ナスは夏から秋にかけて旬を迎え、今頃から9月にかけては「夏ナス」、それ以降を「秋ナス」と呼び名が変わります。
「秋ナスは嫁に食わすな」という諺(ことわざ)が有名ですが、本来ナスは夏野菜。採れる時季によって味にも違いがあるそうです。詳しい話を野菜ソムリエプロの吉田謹子さんに伺いました。
ナスはインド原産で、もともと熱帯に適した野菜だそうです。
「原産地では2mを超えるほど大きくなる多年草で、見た目は木のようですが、温帯の日本では冬を越すことができないため一年草として栽培されています。
奈良時代ころに日本に伝わったとされ、今では非常に多くの品種があります。またハウス栽培もできるため1年中出回っています。
しかし、本来は熱帯原産の夏野菜なので、直射日光を浴びた露地栽培ものが出回る今頃からが旬になります。露地ものは味も濃く、うま味も増してくるのでおすすめです」(吉田さん)
今頃から盛んに出回る「夏ナス」と秋に出回る「秋ナス」では呼び名が変わるだけなのでしょうか。
「『夏ナス』は気温が高く強い日差しを浴びて生長するため、皮が厚くなり、果肉も詰まった実になります。また種もやや多めです。
これに対し、『秋ナス』は昼夜の寒暖差が大きく、日差しもやわらかくなってから育つので、皮が薄くて柔らかく、しっとりと水分を含んだ実になります。
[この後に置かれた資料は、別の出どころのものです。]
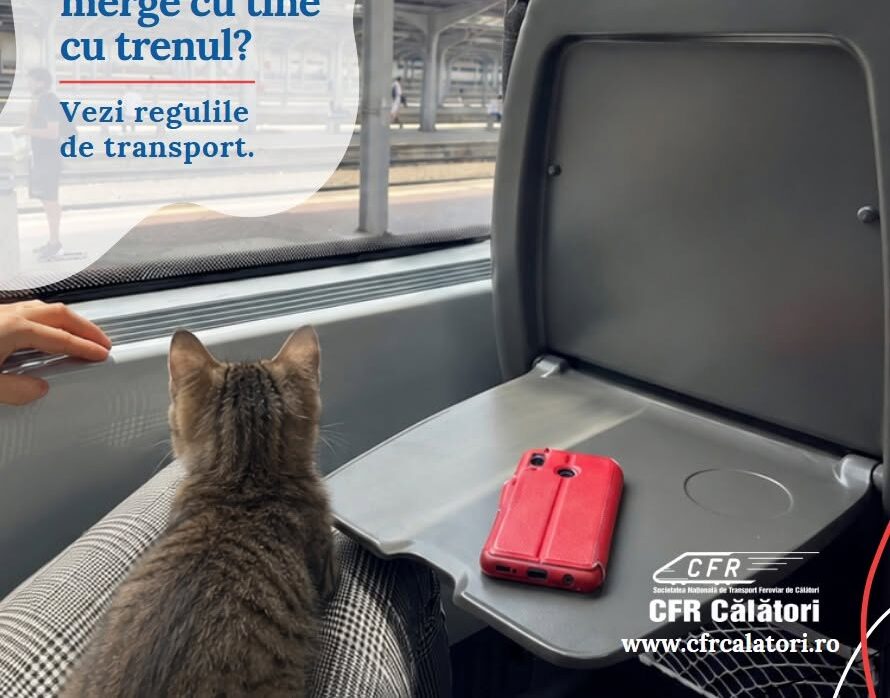 În ce condiții pot fi transportate animalele de companie în tren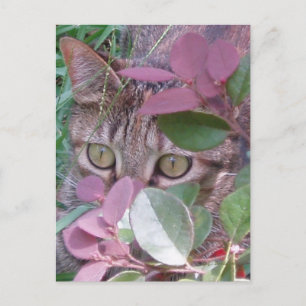 Blaze Cat Eyes Postcard Postkarte
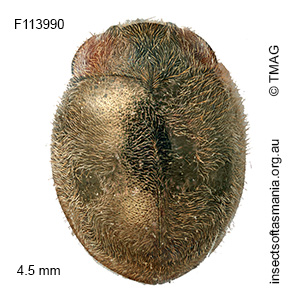 Scymnodes difficilis
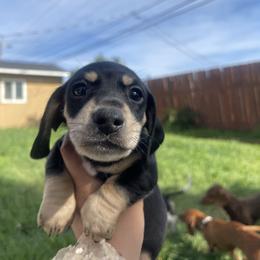 Norman Osborne - Black and cream male Dachshund puppy in Yuba City, California from The Navarro Furbabies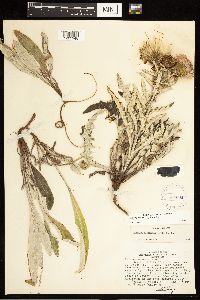 Cirsium flodmanii image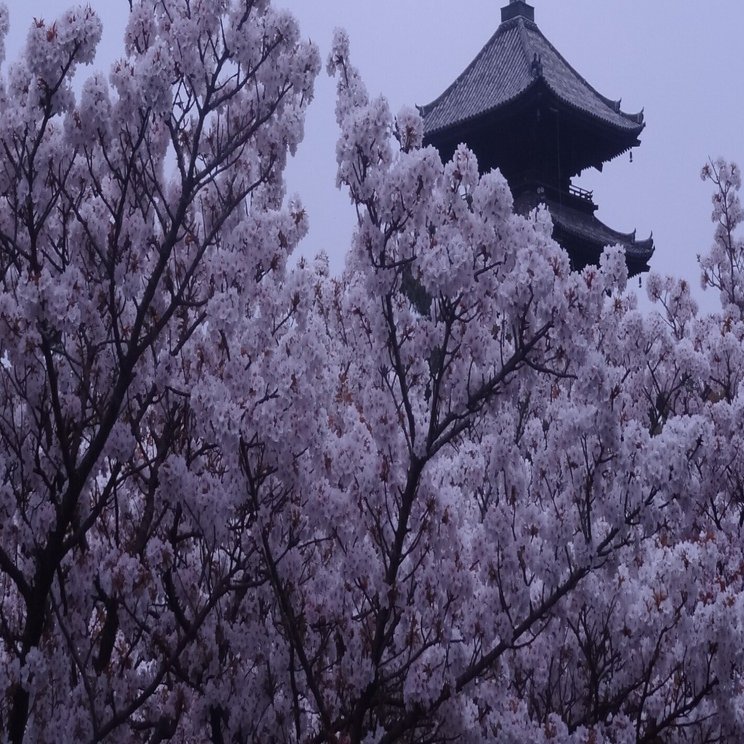 御室桜🌸「仁和寺」🌸三十三間堂×御所!御室10回言うとオムロン!?【きぬ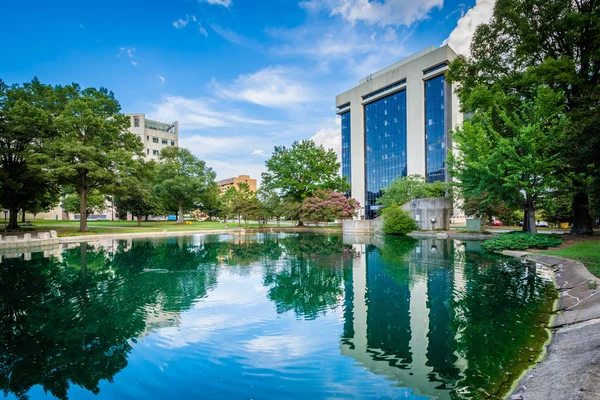 Modern buildings and lake at Marshall Park, in Uptown Charlotte, — Stock Photo, Image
種も少なめです。
つまり、夏ナスは実が詰まってしっかりしているので、熱を加えても煮崩れしにくいのが特徴です。水分も少なめなので、ソースやだしの味をあまり薄めずに料理をおいしく仕上げることができます。煮物や炒め物にすると形も崩れにくくきれいに仕上がり、しかも食べ応えがあります。
一方の秋ナスは、水分が多くすぐに火が通るので、さっと炒めるもの、また柔らかさを生かした焼きナスや天ぷら、浅漬けなどに向いています。形が崩れやすいので、かき混ぜる必要がある料理、長時間の煮込み料理には夏ナスの方がおすすめです」(吉田さん)
ナスは夏におすすめの野菜だそうです。
「『秋ナスは嫁に食わすな』の意味にはいくつか説がありますが、『ナスは体を冷やすので、妊娠中の女性は食べない方がよい』という意味もあると言われています。
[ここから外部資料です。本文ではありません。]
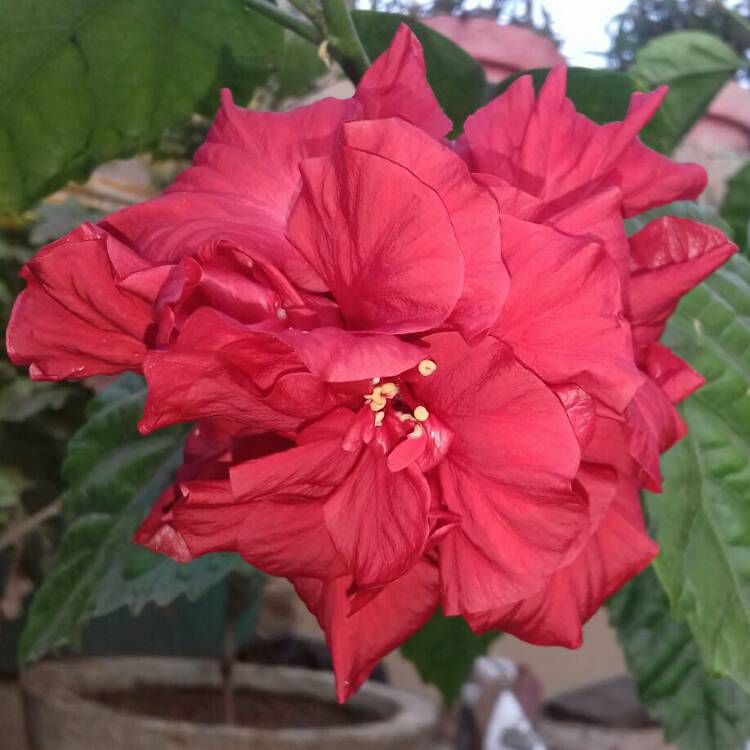 Plant image Hibiscus rosa-sinensis 'Pride of Hankins'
これは、ナスには利尿作用があり、身体の熱を外に逃がす働きがあるカリウムが多く含まれているからといわれています。そのため、夏には特におすすめの野菜です。
また、皮には『ナスニン』と呼ばれるポリフェノールの一部が含まれていて、強い抗酸化作用があるため、生活習慣病の予防にも良いと言われています。食物繊維も豊富、90%以上が水分で低カロリーなので、夏のダイエットにももってこいです」(吉田さん)
夏の日差しをたっぷり浴びて、たくましく育った夏ナスをおいしく食べてこの夏の暑さに備えましょう。